Exercise input →
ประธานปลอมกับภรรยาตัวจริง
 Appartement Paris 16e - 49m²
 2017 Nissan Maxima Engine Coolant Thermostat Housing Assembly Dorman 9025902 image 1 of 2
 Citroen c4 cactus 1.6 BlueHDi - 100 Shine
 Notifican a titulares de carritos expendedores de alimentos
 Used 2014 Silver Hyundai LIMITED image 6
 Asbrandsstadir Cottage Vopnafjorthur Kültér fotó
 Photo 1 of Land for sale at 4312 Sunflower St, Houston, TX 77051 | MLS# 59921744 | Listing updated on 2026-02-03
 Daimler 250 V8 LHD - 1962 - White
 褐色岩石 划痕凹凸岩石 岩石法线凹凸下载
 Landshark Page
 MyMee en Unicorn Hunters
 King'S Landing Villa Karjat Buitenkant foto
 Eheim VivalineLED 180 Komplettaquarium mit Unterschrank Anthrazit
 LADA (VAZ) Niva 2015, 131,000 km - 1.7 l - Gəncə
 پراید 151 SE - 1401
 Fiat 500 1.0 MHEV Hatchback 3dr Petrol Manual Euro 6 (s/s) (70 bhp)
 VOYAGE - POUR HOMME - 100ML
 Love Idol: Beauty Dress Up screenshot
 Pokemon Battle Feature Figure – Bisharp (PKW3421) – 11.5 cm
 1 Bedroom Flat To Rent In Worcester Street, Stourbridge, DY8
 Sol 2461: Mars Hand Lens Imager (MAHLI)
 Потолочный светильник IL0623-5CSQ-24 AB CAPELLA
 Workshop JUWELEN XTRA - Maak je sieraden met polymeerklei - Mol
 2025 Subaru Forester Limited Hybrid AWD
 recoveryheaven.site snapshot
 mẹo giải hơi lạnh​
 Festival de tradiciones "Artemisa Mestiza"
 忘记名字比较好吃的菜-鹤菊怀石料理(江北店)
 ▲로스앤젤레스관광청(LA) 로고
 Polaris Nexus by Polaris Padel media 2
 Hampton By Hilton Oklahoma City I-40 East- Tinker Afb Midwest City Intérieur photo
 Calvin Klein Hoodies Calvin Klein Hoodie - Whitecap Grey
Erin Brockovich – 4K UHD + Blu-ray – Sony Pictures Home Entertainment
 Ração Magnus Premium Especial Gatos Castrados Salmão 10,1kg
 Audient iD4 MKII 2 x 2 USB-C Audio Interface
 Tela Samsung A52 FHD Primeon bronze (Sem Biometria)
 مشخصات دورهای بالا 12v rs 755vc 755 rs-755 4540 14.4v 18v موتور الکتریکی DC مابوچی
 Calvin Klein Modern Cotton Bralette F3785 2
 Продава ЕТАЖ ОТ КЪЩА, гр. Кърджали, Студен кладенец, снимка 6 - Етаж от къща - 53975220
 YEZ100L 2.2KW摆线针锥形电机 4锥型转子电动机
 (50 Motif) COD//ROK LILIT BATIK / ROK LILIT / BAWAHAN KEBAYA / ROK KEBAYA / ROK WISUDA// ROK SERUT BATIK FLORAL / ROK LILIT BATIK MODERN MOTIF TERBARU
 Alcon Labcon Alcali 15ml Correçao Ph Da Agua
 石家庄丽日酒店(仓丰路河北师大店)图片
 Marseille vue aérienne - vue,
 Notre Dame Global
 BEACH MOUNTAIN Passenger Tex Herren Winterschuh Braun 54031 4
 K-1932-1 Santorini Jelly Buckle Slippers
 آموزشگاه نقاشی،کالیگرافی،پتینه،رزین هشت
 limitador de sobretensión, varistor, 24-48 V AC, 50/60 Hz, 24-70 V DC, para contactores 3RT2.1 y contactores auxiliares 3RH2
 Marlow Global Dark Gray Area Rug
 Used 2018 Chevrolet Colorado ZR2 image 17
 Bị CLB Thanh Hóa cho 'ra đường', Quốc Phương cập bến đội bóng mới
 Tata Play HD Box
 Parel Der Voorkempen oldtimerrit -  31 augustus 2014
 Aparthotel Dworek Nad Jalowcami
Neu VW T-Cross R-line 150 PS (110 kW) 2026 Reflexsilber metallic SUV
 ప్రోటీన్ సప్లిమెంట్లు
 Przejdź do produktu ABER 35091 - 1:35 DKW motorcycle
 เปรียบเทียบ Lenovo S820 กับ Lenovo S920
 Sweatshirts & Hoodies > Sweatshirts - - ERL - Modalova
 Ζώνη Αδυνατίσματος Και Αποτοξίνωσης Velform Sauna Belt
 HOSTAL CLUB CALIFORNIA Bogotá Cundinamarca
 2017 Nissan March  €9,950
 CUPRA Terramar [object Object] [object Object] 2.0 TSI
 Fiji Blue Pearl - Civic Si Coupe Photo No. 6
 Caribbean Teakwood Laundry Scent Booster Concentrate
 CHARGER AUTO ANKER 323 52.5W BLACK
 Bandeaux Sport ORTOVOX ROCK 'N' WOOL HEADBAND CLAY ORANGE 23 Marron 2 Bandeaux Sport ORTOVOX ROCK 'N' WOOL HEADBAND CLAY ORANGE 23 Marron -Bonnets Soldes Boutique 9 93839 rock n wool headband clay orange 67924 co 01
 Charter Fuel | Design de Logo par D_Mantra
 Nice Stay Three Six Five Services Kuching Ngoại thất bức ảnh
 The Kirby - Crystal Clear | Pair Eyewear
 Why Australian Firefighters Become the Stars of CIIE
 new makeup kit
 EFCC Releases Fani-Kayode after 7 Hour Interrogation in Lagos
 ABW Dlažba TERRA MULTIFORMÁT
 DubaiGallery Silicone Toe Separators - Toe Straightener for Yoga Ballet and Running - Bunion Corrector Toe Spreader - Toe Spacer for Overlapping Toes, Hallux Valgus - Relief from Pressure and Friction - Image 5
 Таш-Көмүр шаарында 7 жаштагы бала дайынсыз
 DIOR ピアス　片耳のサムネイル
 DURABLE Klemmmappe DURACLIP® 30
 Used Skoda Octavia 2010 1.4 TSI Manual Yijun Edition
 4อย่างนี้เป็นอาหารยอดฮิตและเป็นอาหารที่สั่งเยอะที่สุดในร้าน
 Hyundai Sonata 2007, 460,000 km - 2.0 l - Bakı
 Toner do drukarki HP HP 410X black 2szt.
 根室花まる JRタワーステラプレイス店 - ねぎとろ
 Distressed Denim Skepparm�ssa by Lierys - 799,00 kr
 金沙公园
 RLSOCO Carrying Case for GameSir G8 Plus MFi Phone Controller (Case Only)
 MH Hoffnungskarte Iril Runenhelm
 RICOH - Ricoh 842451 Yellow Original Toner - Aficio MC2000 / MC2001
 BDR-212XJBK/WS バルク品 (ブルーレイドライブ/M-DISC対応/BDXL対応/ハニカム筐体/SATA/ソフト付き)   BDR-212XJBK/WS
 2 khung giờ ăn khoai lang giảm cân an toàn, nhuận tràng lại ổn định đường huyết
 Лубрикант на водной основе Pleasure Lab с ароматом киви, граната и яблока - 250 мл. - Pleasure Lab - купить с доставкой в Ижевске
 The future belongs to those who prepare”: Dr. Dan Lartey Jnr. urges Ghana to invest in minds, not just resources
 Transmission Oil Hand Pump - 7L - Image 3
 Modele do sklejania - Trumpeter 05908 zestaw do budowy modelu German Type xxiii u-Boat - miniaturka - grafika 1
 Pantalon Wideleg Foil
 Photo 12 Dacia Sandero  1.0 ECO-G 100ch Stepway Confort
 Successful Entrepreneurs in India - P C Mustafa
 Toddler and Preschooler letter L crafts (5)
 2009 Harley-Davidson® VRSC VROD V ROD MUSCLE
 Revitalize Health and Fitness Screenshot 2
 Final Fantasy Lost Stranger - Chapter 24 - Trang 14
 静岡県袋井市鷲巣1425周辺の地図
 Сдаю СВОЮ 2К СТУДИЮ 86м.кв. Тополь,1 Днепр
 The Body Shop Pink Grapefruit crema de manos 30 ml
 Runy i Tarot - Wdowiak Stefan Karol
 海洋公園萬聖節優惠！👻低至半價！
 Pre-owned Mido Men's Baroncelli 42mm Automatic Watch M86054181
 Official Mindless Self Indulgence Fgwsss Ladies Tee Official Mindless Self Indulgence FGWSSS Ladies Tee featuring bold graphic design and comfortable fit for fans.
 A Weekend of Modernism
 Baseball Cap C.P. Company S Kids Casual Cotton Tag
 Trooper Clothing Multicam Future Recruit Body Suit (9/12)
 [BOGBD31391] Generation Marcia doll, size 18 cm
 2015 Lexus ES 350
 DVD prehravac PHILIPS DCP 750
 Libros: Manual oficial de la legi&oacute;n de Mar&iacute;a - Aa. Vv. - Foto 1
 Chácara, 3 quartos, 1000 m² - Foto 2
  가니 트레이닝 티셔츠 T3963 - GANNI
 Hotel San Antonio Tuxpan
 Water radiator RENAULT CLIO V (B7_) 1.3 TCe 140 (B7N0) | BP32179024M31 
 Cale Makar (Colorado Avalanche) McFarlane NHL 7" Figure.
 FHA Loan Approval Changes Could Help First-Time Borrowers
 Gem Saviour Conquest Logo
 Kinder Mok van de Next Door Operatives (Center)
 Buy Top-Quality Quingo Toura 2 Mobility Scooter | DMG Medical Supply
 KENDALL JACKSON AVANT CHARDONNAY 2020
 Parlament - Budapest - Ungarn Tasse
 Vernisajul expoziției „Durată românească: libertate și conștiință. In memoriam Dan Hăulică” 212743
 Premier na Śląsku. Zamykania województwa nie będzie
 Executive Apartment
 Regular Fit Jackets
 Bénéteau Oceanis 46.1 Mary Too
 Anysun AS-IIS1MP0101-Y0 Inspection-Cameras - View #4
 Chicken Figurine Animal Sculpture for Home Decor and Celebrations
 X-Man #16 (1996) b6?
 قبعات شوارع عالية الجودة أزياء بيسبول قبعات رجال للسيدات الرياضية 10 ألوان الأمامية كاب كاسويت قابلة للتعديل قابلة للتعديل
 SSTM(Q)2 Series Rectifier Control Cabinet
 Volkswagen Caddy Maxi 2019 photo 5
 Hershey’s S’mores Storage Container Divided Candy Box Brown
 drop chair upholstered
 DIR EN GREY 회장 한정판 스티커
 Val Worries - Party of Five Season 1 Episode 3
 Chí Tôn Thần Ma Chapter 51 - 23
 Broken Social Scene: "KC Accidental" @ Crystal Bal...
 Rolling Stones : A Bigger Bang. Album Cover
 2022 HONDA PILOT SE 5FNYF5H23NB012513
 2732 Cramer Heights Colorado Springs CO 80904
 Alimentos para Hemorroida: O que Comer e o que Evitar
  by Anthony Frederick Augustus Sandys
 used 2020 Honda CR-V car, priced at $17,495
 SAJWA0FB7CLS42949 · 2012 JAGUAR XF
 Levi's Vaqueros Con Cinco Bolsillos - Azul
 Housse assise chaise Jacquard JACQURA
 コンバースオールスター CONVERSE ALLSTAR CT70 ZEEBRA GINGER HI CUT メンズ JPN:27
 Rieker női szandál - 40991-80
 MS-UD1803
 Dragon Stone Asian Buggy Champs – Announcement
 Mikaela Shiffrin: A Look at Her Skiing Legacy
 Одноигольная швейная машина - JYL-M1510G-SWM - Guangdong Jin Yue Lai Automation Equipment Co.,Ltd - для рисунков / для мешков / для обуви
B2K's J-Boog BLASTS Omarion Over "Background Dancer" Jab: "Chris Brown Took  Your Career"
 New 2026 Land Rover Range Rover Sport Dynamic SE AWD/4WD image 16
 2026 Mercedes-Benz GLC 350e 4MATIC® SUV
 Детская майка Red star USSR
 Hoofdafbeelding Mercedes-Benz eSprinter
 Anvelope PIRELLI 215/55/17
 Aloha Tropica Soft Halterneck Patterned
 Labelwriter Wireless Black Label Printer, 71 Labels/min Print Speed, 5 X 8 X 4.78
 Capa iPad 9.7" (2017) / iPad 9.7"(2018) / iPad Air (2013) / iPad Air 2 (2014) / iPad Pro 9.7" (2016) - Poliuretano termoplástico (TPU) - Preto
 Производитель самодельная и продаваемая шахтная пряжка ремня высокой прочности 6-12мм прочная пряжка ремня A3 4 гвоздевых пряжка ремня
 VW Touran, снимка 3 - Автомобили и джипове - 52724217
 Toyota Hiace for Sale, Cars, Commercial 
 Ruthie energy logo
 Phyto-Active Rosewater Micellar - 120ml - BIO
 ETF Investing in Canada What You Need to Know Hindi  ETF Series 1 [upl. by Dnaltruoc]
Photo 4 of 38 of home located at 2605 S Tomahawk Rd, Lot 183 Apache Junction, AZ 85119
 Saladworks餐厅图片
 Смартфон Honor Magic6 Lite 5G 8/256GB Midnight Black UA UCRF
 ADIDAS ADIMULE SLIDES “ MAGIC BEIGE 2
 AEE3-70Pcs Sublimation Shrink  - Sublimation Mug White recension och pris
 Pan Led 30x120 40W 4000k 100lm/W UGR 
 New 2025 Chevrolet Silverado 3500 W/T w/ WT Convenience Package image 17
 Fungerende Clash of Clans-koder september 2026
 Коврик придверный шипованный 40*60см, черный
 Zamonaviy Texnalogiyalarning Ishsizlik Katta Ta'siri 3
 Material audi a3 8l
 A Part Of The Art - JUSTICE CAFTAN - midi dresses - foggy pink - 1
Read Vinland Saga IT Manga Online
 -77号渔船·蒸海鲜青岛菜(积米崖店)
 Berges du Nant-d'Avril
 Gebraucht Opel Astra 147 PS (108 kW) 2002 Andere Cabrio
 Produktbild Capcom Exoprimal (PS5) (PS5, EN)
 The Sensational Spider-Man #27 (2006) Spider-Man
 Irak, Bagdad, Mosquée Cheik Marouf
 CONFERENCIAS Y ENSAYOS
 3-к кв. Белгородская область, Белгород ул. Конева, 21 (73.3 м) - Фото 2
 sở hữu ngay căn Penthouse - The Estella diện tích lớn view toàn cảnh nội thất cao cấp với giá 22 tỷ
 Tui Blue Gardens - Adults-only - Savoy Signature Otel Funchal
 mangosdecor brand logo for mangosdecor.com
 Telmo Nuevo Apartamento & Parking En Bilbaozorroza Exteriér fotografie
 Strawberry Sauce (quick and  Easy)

Assignment → Go over the entries above and tally the lines holding "снимка"; please answer with the number alone.

Response below → 2